Sullivan & Cromwell, a top Wall Street law firm, apologized to a federal bankruptcy judge after a motion in the Prince Group case contained fabricated legal citations and misquoted statutes generated by artificial intelligence. The errors, spanning roughly three dozen items, were spotted by opposing counsel at Boies Schiller Flexner and prompted a corrected filing. The firm said established AI-use policies and secondary review safeguards were bypassed. The letter from Andrew Dietderich acknowledged the failures and offered apologies to the court and opposing counsel. The specific AI tool was not disclosed. The incident underscores operational and ethical risks of integrating generative AI into high-stakes legal drafting and will likely sharpen scrutiny of review workflows, risk controls, and professional responsibility obligations across law firms.
What happened
Sullivan & Cromwell, one of the United States' most prominent law firms, acknowledged that a bankruptcy court filing in the Prince Group case contained multiple AI-generated errors, including fabricated case citations and misquoted sections of the bankruptcy code. The firm said those mistakes, totaling around three dozen items, were identified by opposing counsel at Boies Schiller Flexner and that it filed a corrected motion and apologized to Judge Martin Glenn. "We deeply regret that this has occurred," said Andrew Dietderich, co-head of Sullivan & Cromwell's global restructuring group.
Technical details
The exact AI system used was not disclosed in the firm's letter and public reports. Key failure modes reported were:
- •fabricated citations and non-existent legal authorities
- •inaccurate quotations and misstatements of statutory language
- •improperly summarized conclusions from real cases
Why it matters for practitioners
Generative models are increasingly used to accelerate legal research and drafting, but these tools commonly produce plausible-sounding but incorrect outputs, known as hallucinations. The case exposes three operational failure points: improper adherence to usage policies, ineffective secondary review, and overreliance on tool outputs without source verification. Sullivan & Cromwell told the court it has "comprehensive policies and training requirements governing the use of AI tools," but the firm admitted those controls were bypassed in this instance.

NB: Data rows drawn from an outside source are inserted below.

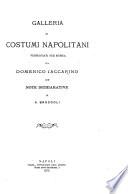 Galleria di costumi napolitani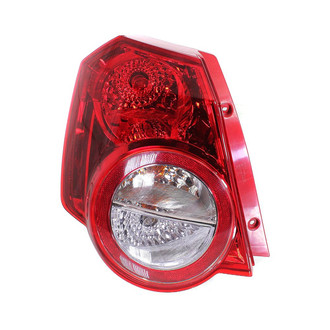 Replacement - Driver Side Driver Side Tail Light (Standard Line)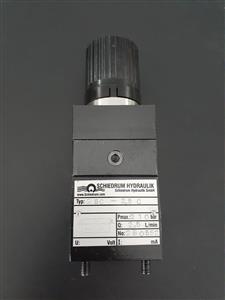 Schiedrum Hydraulik 25C-2,5C Akış Kontrol Vanası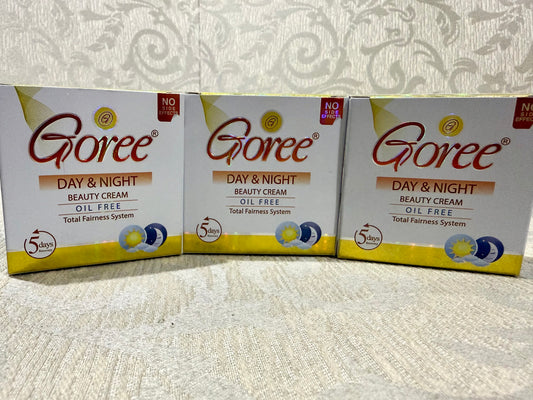 Goree Day & Night Beauty Cream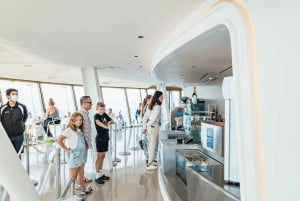 Seattle: Billet til Space Needle og Chihuly Garden and Glass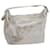 LOUIS VUITTON Monogram Shimmer Halo Hand Bag Silver Argent M95819 LV Auth fm3129 Silvery Cloth  ref.1247725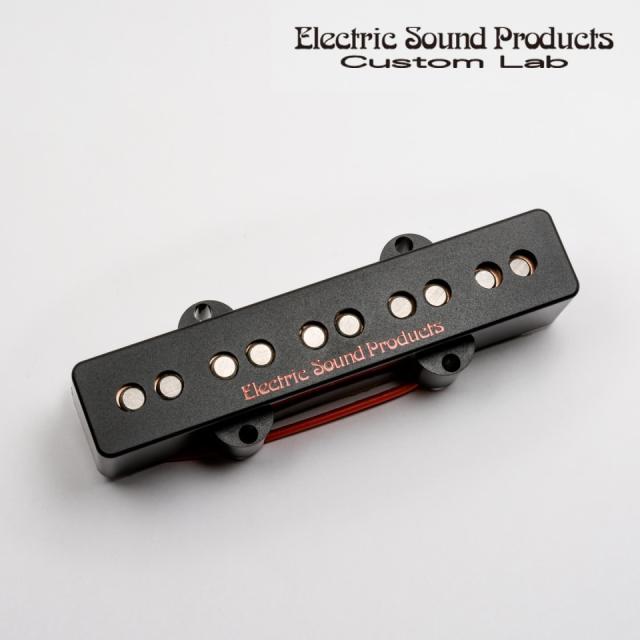 ESP Custom Lab PICKUPS CL-P-J5-1b ブリッジ 5弦ベース用ピックアップ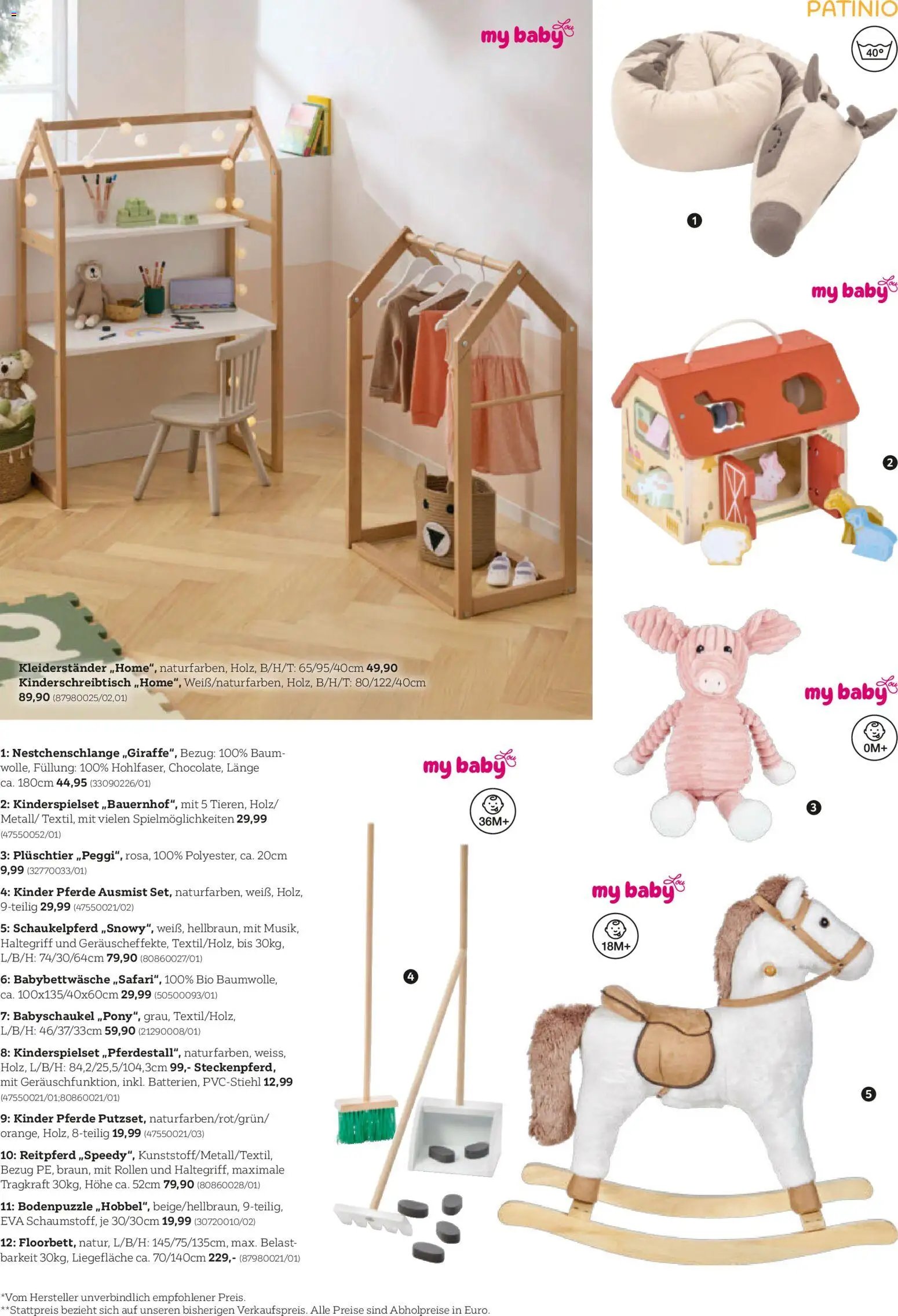 XXXLutz Babykatalog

Risk and compliance implications
The incident triggers immediate professional-risk questions. Lawyers have ethical obligations to ensure accuracy in court filings; automated workflows that reduce human verification can lead to malpractice exposure, sanctions, and reputational damage. For legal technologists and ML engineers building or integrating generative systems into legal workflows, the takeaways are clear: validate provenance, implement conservative retrieval-augmented pipelines, enforce mandatory human-in-the-loop checks, and log system outputs for audit.
Context and significance
This is not the first reported legal-sector hallucination, but it is notable because it involves an elite firm with significant influence over clients and legal tech adoption patterns. The misstep is likely to accelerate stricter internal governance at other firms, spur vendor differentiation on hallucination mitigation features, and encourage courts and bar associations to clarify guidance on AI-assisted drafting.
What to watch
Expect law firms to tighten mandatory verification steps, increase provenance and citation tooling, and press vendors for stronger retrieval-grounded architectures and explainability features. Regulators and bar committees may issue sharper guidance on permissible AI use in pleadings and discovery.
Practical advice for teams
If you integrate generative models in legal or regulated workflows, require: a defensible audit trail, verified-source retrieval (avoid purely generative-only citation), enforced secondary review with checklists, and conservative prompt designs that force source links rather than freeform assertions.
Key Points
- 1Top-tier law firm submitted a bankruptcy filing with roughly three dozen AI-generated citation errors, signaling real-world model risk.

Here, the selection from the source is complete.